**Exercise aim:**
Starting at the line that contains "5300 Big White Road Unit# 101A", reproduce only the lines through the end of the data, exactly, including both the first and the last; skip the pictures.

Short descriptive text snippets
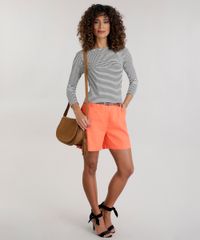 Short-em-Linho-com-Cinto-Laranja-8493914-Laranja_3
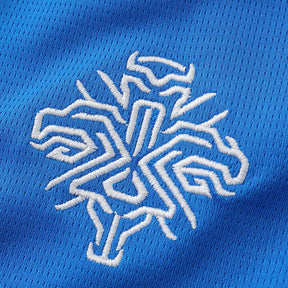 Maglia Islanda Home 2026 Uomo | Maglia da Calcio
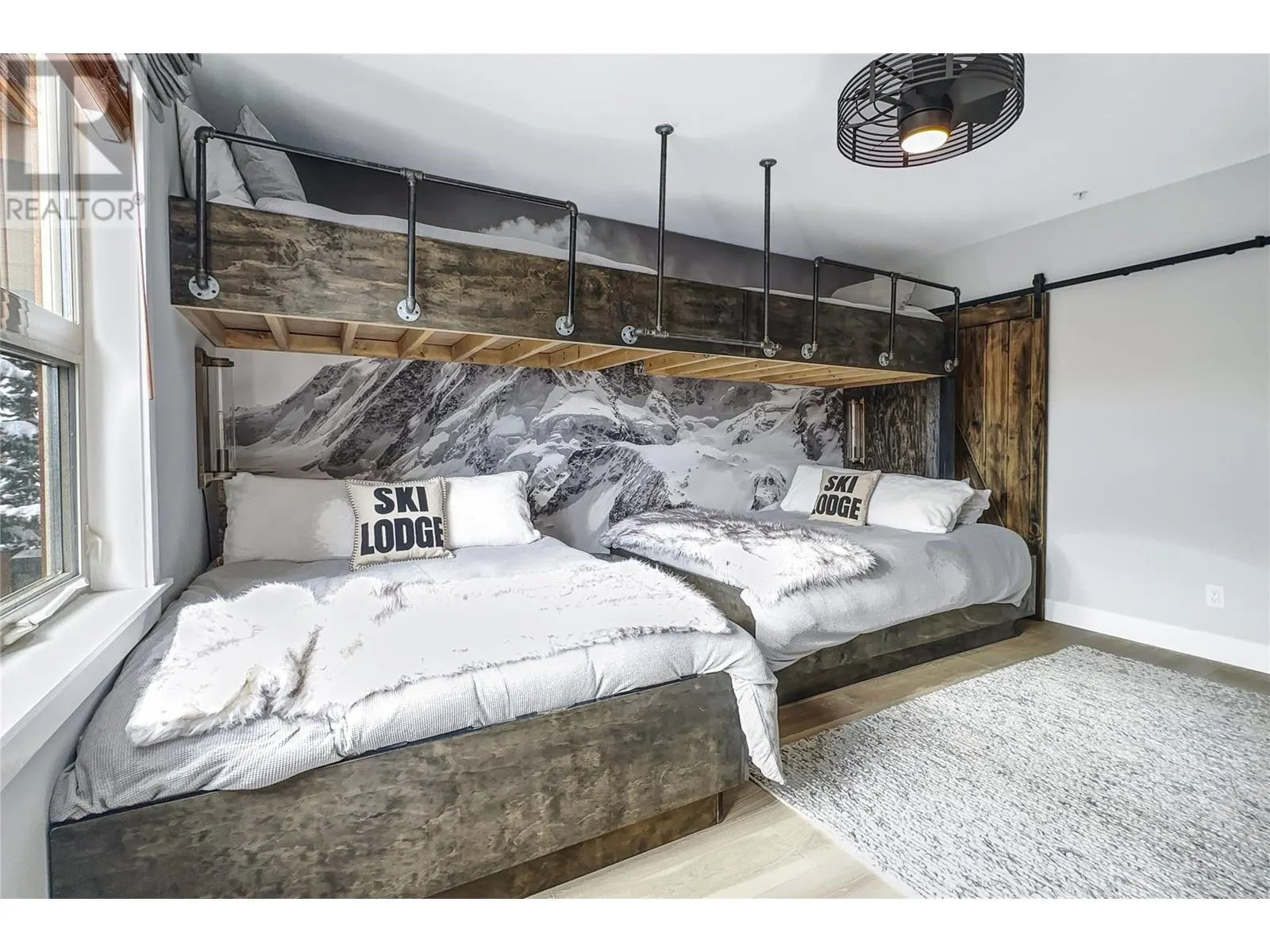 5300 Big White Road Unit# 101A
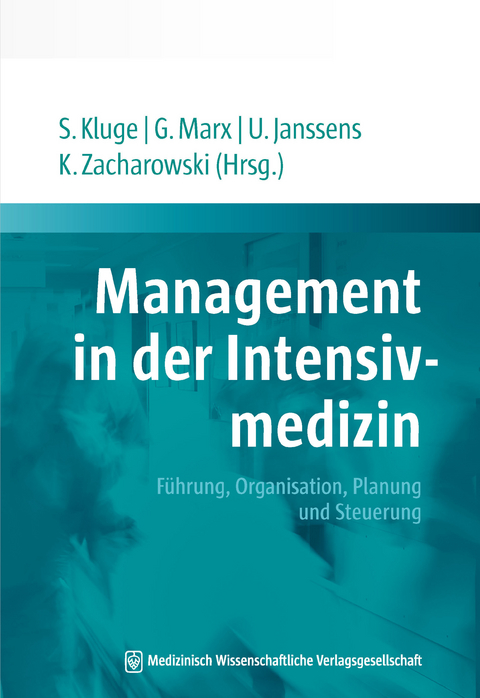 Management in der Intensivmedizin - 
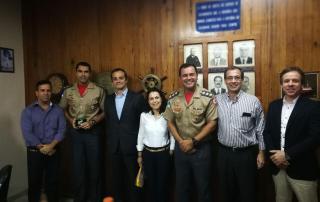 idD e ABIMDE realizam Encontro Empresarial no Rio de Janeiro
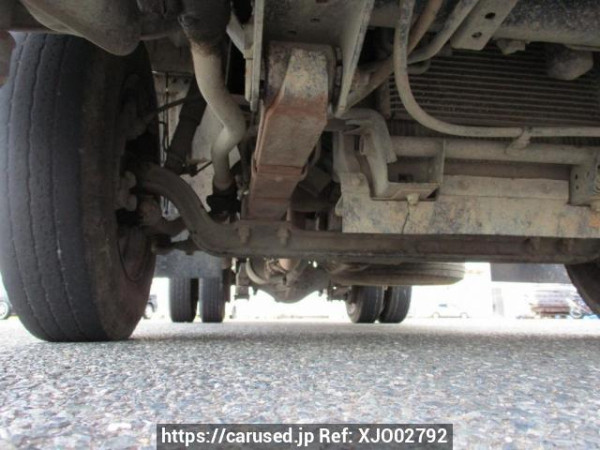 Used 1996 MT mitsubishi canter FE517BC Image[46]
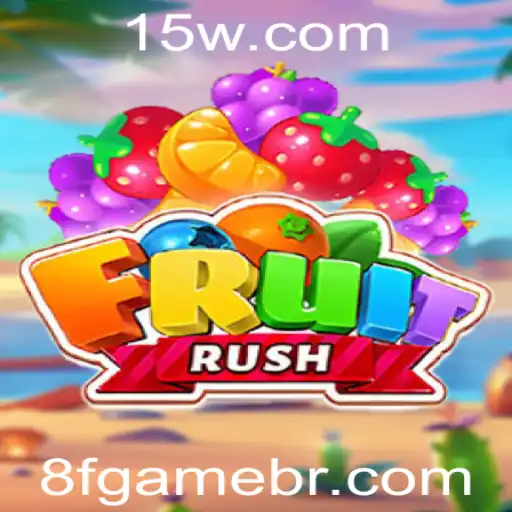 Descubra o Mundo Vibrante de FruitRush: O Fascinante Jogo 8f Game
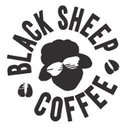 Black Sheep Coffee company logo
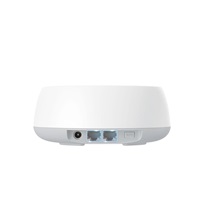 BAZAR - TP-Link Deco BE22(2-pack) WiFi7 Mesh (BE3600,2,4GHz/5GHz,2xGbELAN/WAN) - rozbaleno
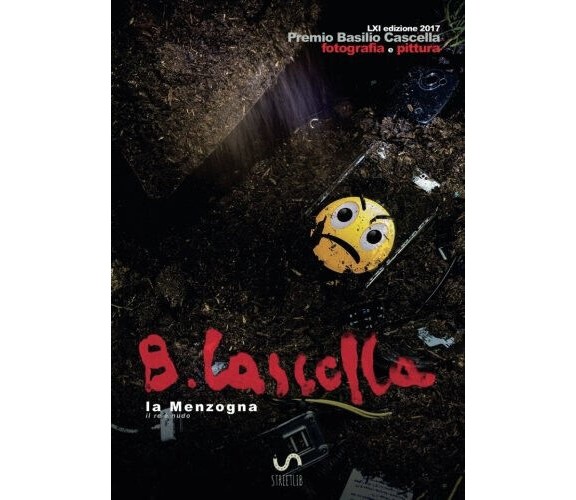 LXI Premio Basilio Cascella 2017 pittura e fotografia - StreetLib - 2017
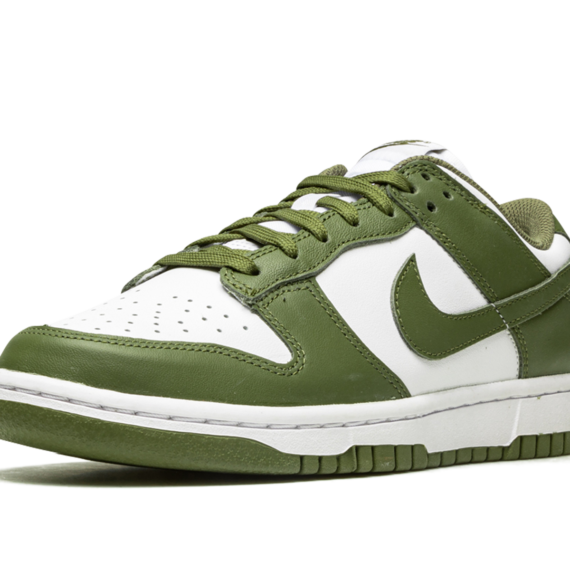 DUNK LOW WMNS "Medium Olive" DD1503 120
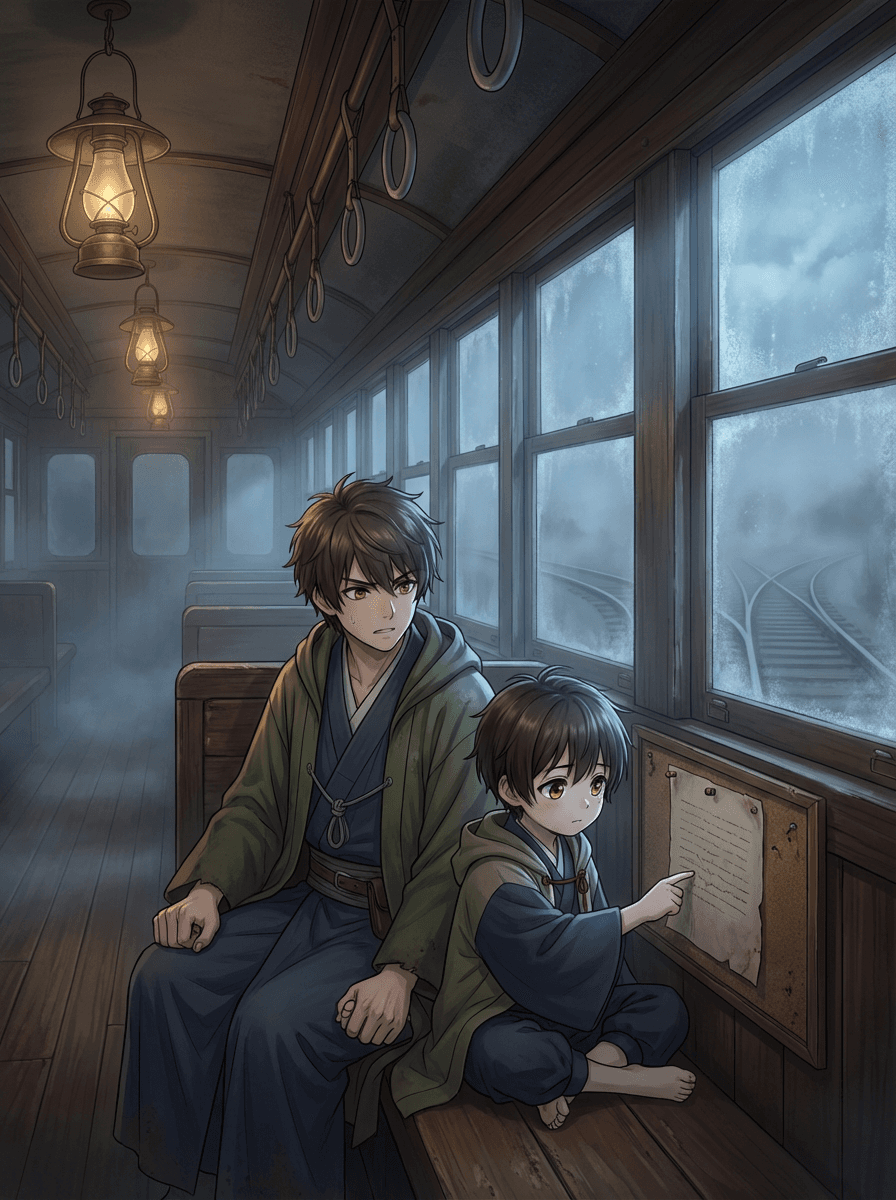 Episode 343: Thinness of the Wind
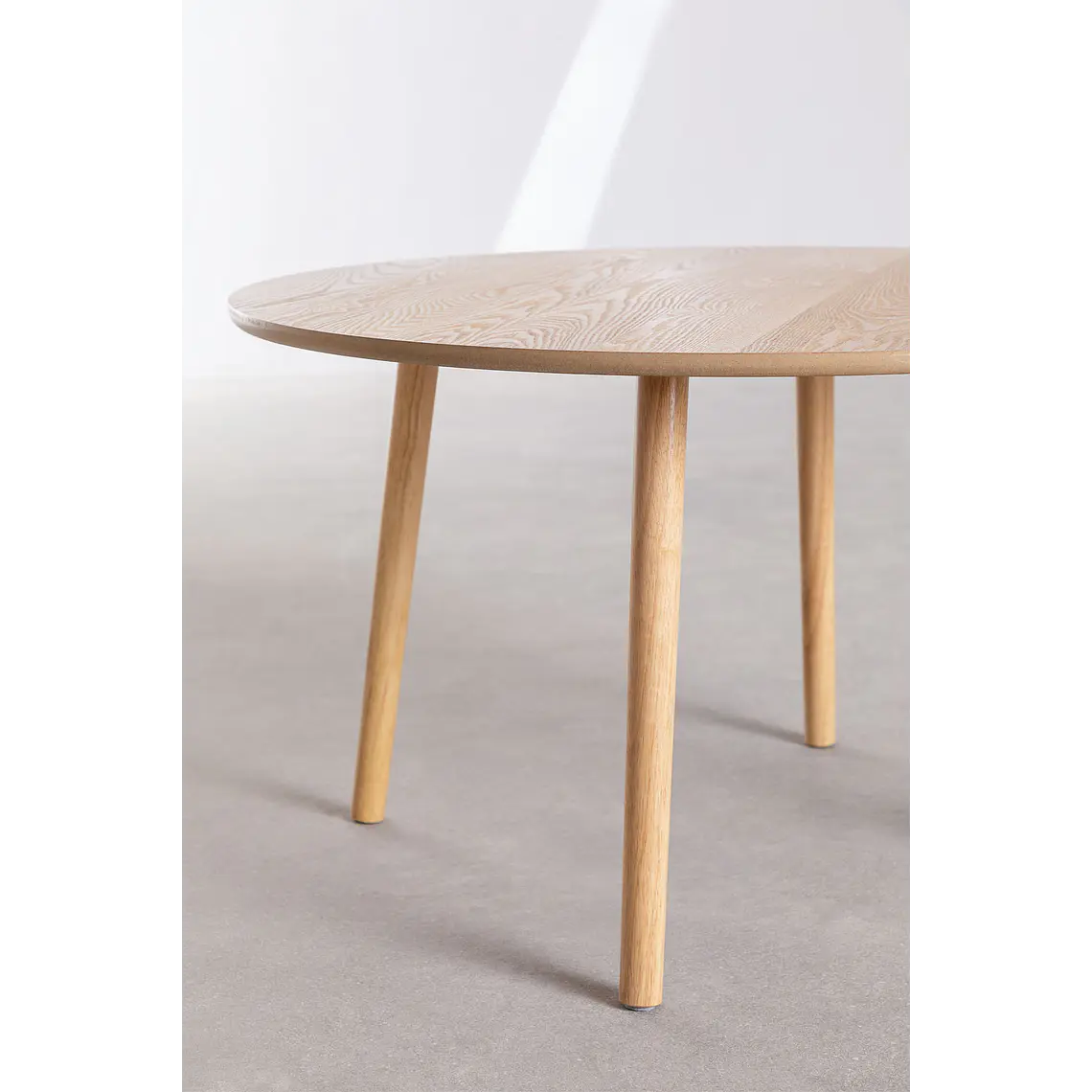 Elilen · Mesa de centro en acabado madera 3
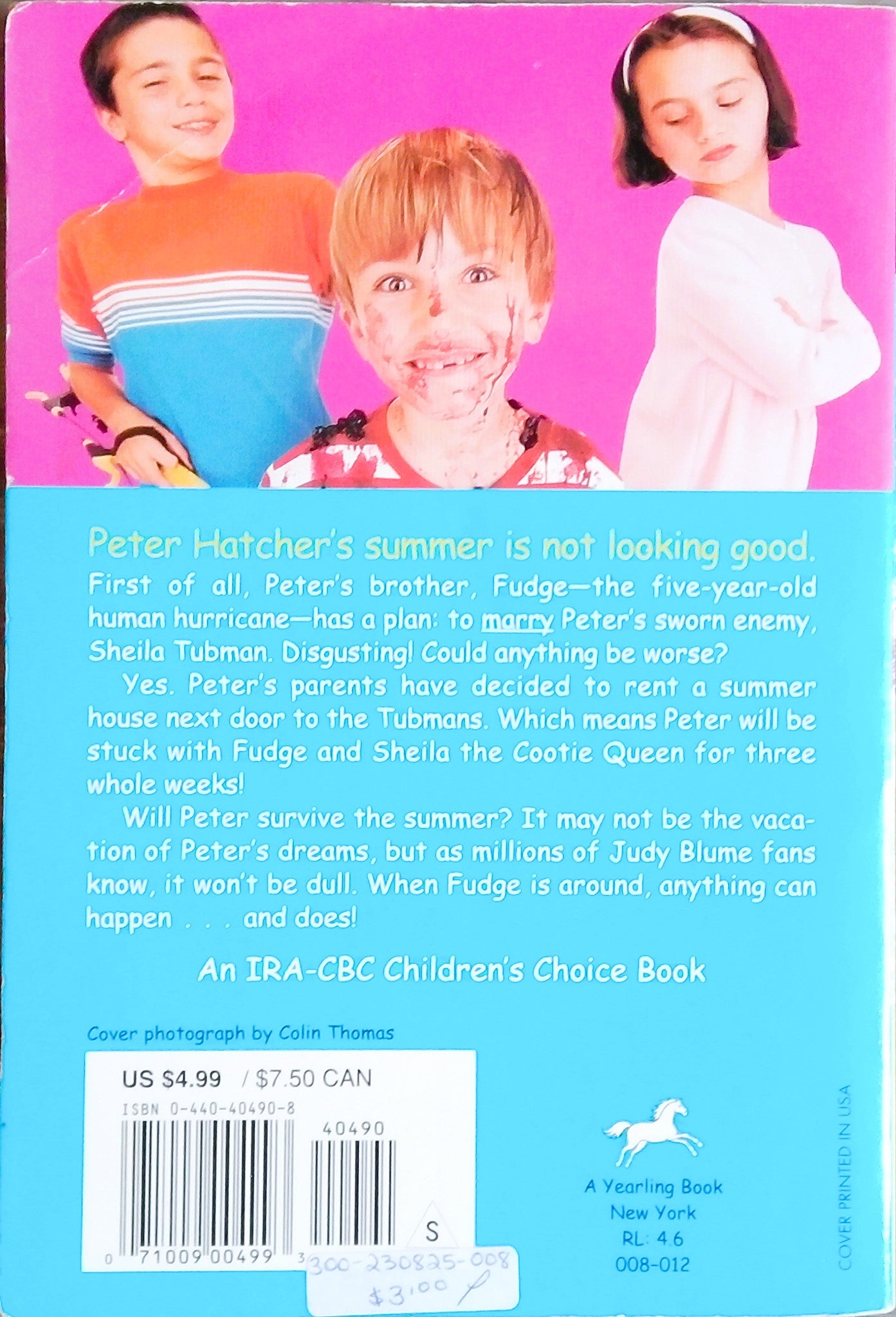 Fudge-A-Mania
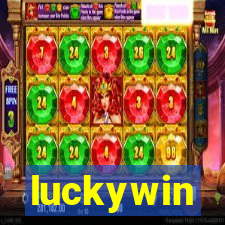 luckywin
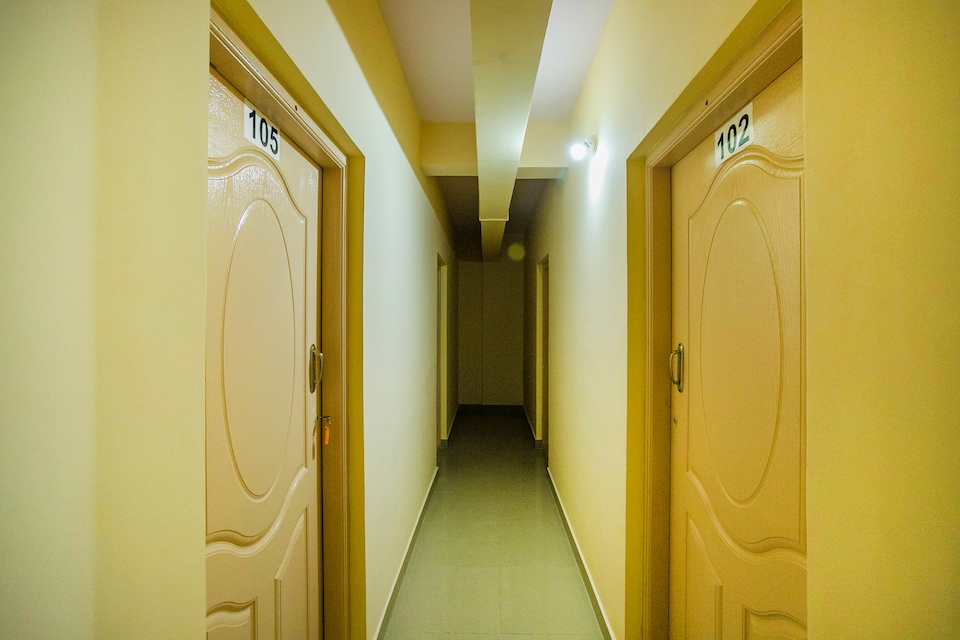 OYO Seven Hills Guestline Near Pattanagere Metro Station, Kengeri - Rajarajeshwari Nagar Bangalore, Bangalore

**Output of the task:**
 5300 Big White Road Unit# 101A
 Management in der Intensivmedizin - 
 idD e ABIMDE realizam Encontro Empresarial no Rio de Janeiro
 Used 1996 MT mitsubishi canter FE517BC Image[46]
 Descubra o Mundo Vibrante de FruitRush: O Fascinante Jogo 8f Game
 Black Sheep Coffee company logo
 BAZAR - TP-Link Deco BE22(2-pack) WiFi7 Mesh (BE3600,2,4GHz/5GHz,2xGbELAN/WAN) - rozbaleno
 LXI Premio Basilio Cascella 2017 pittura e fotografia - StreetLib - 2017
 DUNK LOW WMNS "Medium Olive" DD1503 120
 Episode 343: Thinness of the Wind
 Elilen · Mesa de centro en acabado madera 3
 Fudge-A-Mania
 luckywin
 OYO Seven Hills Guestline Near Pattanagere Metro Station, Kengeri - Rajarajeshwari Nagar Bangalore, Bangalore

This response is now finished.